## WHAT IS REQUIRED
Below are several records. Retype exactly those lines running from the one with "Cadeau entreprise Joyeuses" through the one with "3 Pieces Touchscreen", end lines included, and no others.

· · ·

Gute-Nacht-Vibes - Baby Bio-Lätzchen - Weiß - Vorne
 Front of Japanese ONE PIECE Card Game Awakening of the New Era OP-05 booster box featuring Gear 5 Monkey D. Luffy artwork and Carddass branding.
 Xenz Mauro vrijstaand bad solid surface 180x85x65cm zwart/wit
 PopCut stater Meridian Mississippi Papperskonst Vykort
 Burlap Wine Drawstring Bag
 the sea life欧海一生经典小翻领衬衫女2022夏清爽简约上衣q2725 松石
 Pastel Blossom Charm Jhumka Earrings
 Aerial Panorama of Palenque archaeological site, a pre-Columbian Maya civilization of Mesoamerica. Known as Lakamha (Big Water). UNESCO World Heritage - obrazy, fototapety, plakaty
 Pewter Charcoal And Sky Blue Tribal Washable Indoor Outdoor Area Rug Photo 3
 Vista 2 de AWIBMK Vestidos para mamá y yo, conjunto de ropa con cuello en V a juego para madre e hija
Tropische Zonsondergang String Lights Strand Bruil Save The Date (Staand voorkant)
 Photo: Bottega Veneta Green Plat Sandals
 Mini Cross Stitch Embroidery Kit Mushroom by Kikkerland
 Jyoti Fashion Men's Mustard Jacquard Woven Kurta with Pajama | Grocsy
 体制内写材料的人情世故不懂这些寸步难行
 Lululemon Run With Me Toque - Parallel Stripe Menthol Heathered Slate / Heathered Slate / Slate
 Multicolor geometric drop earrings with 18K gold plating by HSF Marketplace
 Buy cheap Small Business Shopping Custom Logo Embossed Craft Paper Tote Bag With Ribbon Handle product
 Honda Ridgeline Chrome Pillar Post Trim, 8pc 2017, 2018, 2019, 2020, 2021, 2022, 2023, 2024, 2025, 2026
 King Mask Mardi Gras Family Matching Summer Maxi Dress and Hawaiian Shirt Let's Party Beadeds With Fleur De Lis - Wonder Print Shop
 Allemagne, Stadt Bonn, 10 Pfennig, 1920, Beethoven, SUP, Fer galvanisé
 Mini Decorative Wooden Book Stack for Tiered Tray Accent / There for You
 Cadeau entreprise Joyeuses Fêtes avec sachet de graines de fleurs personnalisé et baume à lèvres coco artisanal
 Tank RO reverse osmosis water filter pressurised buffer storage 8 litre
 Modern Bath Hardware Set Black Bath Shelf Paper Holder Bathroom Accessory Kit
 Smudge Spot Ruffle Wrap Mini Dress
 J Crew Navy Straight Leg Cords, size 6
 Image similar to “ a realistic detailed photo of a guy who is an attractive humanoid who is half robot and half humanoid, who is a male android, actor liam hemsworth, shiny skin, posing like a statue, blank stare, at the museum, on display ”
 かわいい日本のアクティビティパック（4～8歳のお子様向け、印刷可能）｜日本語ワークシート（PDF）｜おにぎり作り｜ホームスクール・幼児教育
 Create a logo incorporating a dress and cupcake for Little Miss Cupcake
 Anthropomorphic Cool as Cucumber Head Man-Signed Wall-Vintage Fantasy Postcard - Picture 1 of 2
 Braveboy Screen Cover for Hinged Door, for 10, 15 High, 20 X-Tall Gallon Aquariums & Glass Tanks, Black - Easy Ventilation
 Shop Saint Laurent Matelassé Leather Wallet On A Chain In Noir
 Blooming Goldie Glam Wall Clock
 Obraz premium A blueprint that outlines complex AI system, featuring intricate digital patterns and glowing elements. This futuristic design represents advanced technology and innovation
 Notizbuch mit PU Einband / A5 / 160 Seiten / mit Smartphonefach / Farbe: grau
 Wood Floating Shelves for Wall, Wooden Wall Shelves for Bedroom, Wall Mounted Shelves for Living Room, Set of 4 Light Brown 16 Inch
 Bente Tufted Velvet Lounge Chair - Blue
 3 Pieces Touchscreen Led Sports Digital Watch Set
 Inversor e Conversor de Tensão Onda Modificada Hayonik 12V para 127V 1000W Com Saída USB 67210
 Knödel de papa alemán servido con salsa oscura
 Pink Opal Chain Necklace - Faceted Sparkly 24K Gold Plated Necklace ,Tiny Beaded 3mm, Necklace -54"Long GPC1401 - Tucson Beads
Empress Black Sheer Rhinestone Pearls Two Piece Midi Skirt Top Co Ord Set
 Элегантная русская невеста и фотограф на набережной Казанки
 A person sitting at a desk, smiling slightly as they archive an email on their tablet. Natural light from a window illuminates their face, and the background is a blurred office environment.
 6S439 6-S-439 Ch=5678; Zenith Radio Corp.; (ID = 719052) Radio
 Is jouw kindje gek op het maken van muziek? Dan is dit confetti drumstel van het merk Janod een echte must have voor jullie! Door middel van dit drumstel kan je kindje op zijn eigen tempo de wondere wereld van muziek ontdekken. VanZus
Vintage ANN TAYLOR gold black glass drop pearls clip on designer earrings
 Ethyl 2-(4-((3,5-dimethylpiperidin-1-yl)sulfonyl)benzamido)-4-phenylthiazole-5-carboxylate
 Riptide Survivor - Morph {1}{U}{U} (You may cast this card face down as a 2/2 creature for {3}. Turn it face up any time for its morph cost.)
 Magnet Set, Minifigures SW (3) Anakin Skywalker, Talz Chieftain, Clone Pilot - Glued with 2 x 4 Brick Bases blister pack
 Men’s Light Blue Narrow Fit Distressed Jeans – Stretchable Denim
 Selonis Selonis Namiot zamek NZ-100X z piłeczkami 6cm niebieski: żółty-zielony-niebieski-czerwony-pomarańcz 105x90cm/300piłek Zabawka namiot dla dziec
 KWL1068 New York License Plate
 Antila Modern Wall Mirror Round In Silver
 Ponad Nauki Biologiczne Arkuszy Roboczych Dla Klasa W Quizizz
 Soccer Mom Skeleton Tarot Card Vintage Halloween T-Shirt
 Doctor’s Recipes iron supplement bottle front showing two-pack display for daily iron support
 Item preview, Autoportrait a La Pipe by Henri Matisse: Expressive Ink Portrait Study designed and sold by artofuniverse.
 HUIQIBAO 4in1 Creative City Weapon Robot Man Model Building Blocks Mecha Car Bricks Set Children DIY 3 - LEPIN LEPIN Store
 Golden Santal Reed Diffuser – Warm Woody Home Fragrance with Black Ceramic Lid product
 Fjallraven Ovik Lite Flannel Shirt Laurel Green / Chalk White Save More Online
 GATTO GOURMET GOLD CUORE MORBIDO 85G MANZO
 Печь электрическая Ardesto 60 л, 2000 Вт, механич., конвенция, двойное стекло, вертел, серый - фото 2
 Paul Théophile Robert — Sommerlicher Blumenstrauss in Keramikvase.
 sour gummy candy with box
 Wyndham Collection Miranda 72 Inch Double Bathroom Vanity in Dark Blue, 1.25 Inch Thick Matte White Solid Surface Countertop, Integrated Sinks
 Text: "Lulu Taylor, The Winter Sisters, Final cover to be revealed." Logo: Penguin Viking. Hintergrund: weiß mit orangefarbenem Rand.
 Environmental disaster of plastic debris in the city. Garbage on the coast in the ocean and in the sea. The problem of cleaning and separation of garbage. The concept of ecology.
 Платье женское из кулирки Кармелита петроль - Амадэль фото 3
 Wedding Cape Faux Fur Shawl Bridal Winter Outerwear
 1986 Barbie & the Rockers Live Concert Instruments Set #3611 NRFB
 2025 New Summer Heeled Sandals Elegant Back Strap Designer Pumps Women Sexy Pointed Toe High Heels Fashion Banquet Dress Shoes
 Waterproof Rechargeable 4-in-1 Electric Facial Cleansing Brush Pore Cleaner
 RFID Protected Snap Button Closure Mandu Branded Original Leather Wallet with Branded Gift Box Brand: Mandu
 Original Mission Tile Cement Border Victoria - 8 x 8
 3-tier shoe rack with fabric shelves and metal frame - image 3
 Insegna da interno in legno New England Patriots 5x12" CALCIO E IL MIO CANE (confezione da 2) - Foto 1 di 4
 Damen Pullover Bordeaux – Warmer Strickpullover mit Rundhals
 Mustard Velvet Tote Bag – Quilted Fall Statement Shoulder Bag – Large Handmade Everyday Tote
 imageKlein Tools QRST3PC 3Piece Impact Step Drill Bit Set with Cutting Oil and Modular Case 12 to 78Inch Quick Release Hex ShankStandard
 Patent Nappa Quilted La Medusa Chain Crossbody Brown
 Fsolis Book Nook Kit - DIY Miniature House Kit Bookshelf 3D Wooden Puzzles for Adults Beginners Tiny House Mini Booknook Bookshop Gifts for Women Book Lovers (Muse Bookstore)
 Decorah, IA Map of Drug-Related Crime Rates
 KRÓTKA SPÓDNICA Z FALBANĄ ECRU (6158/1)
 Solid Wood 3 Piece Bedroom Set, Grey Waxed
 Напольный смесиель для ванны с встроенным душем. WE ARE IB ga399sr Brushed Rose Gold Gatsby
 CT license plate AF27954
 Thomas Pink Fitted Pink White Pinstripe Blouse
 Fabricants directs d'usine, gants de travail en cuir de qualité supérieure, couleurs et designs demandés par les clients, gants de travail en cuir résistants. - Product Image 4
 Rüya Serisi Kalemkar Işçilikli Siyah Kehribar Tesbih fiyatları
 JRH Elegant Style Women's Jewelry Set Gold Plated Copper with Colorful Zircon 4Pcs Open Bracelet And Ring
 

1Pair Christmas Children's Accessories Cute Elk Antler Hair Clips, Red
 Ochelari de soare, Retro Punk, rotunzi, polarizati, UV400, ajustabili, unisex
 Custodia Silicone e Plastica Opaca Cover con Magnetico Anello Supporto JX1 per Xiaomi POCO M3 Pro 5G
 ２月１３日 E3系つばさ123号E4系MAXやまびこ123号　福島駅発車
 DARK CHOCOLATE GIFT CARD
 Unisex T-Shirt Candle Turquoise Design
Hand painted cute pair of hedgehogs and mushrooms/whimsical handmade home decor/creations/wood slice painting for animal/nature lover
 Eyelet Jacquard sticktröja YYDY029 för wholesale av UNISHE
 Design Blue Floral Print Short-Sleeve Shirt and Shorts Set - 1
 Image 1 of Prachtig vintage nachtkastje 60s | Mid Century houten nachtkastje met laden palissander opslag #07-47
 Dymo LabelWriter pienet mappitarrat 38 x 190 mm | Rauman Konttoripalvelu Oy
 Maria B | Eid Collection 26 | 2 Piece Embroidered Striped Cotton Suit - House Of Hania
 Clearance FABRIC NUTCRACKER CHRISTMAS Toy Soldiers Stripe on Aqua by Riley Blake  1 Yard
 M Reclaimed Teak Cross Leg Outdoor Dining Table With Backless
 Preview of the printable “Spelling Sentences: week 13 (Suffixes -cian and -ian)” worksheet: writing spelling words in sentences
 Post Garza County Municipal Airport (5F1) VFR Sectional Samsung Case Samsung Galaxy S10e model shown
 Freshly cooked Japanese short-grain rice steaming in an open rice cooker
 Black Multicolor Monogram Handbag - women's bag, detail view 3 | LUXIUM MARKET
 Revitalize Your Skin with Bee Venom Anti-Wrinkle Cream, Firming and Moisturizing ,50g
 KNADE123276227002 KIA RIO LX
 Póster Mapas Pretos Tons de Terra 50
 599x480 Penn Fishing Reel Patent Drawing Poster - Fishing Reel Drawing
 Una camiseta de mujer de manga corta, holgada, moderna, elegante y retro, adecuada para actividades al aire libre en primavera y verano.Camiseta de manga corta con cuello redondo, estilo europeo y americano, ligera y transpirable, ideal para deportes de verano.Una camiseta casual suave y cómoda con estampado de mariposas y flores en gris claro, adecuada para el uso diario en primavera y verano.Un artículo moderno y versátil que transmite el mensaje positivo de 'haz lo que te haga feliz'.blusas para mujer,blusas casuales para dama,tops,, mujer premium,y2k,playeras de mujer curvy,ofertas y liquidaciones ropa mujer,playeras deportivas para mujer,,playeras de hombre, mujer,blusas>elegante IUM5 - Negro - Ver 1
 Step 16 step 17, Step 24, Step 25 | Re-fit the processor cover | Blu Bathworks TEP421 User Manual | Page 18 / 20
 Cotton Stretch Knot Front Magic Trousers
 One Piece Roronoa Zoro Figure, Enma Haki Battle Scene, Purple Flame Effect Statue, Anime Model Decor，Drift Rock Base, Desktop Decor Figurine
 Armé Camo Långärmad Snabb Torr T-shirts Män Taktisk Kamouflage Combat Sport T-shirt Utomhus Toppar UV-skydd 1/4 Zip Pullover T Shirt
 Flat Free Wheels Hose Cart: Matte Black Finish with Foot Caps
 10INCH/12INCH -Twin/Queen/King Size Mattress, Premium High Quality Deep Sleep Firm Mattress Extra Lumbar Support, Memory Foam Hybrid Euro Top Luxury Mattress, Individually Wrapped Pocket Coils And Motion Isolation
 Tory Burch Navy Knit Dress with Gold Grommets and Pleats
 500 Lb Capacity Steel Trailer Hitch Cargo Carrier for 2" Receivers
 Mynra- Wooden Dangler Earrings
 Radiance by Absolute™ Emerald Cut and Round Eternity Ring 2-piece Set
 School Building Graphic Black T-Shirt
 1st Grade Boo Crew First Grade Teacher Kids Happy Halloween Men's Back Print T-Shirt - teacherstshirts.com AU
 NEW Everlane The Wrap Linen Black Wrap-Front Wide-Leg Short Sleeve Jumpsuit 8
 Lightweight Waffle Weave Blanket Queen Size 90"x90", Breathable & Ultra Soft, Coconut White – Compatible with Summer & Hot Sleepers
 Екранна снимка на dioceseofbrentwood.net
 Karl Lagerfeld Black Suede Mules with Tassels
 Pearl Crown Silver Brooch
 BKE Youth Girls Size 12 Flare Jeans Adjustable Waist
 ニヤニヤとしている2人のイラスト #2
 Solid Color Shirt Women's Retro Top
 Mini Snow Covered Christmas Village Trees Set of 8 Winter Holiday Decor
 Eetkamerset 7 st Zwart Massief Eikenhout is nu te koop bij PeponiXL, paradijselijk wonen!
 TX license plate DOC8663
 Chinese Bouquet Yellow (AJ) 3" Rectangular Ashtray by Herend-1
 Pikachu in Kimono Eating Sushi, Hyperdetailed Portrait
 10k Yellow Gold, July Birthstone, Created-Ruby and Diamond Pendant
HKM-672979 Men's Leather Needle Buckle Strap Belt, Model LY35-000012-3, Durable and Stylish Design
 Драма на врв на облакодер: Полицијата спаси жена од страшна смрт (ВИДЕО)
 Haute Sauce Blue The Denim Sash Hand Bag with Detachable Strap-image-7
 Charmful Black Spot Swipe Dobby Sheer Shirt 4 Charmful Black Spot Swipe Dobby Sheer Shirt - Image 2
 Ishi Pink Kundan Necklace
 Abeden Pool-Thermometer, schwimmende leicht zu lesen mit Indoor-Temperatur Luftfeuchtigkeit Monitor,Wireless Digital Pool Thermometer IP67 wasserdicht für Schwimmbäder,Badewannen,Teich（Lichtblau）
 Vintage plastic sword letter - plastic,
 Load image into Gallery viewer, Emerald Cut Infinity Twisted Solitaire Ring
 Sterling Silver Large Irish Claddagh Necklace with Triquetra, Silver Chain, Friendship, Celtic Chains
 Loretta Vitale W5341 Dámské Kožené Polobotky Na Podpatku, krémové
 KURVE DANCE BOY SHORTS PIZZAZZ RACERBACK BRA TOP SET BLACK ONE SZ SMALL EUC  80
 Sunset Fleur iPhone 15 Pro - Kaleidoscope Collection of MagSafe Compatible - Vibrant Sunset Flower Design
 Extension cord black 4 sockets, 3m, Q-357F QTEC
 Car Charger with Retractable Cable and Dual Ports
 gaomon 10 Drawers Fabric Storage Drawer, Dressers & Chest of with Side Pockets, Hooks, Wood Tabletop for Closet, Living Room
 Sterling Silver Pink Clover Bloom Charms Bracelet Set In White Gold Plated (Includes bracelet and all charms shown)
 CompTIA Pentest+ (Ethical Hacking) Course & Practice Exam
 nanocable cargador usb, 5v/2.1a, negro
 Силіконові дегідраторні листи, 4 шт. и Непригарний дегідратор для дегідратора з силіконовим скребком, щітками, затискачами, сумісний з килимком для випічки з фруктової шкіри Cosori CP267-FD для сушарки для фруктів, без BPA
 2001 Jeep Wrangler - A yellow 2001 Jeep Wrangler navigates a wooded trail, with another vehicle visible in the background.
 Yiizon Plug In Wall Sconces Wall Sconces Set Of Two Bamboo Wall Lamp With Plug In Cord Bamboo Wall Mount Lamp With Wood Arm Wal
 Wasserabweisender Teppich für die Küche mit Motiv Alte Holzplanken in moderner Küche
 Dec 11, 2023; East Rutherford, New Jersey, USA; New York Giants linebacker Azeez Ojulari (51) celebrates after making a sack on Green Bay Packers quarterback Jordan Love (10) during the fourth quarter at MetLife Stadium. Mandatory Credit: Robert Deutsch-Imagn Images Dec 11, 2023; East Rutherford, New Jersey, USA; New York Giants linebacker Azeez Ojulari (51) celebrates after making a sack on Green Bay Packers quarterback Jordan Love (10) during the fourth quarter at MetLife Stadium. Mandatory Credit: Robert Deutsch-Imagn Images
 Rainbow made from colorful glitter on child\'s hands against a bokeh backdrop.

· · ·

## RESULT
 Cadeau entreprise Joyeuses Fêtes avec sachet de graines de fleurs personnalisé et baume à lèvres coco artisanal
 Tank RO reverse osmosis water filter pressurised buffer storage 8 litre
 Modern Bath Hardware Set Black Bath Shelf Paper Holder Bathroom Accessory Kit
 Smudge Spot Ruffle Wrap Mini Dress
 J Crew Navy Straight Leg Cords, size 6
 Image similar to “ a realistic detailed photo of a guy who is an attractive humanoid who is half robot and half humanoid, who is a male android, actor liam hemsworth, shiny skin, posing like a statue, blank stare, at the museum, on display ”
 かわいい日本のアクティビティパック（4～8歳のお子様向け、印刷可能）｜日本語ワークシート（PDF）｜おにぎり作り｜ホームスクール・幼児教育
 Create a logo incorporating a dress and cupcake for Little Miss Cupcake
 Anthropomorphic Cool as Cucumber Head Man-Signed Wall-Vintage Fantasy Postcard - Picture 1 of 2
 Braveboy Screen Cover for Hinged Door, for 10, 15 High, 20 X-Tall Gallon Aquariums & Glass Tanks, Black - Easy Ventilation
 Shop Saint Laurent Matelassé Leather Wallet On A Chain In Noir
 Blooming Goldie Glam Wall Clock
 Obraz premium A blueprint that outlines complex AI system, featuring intricate digital patterns and glowing elements. This futuristic design represents advanced technology and innovation
 Notizbuch mit PU Einband / A5 / 160 Seiten / mit Smartphonefach / Farbe: grau
 Wood Floating Shelves for Wall, Wooden Wall Shelves for Bedroom, Wall Mounted Shelves for Living Room, Set of 4 Light Brown 16 Inch
 Bente Tufted Velvet Lounge Chair - Blue
 3 Pieces Touchscreen Led Sports Digital Watch Set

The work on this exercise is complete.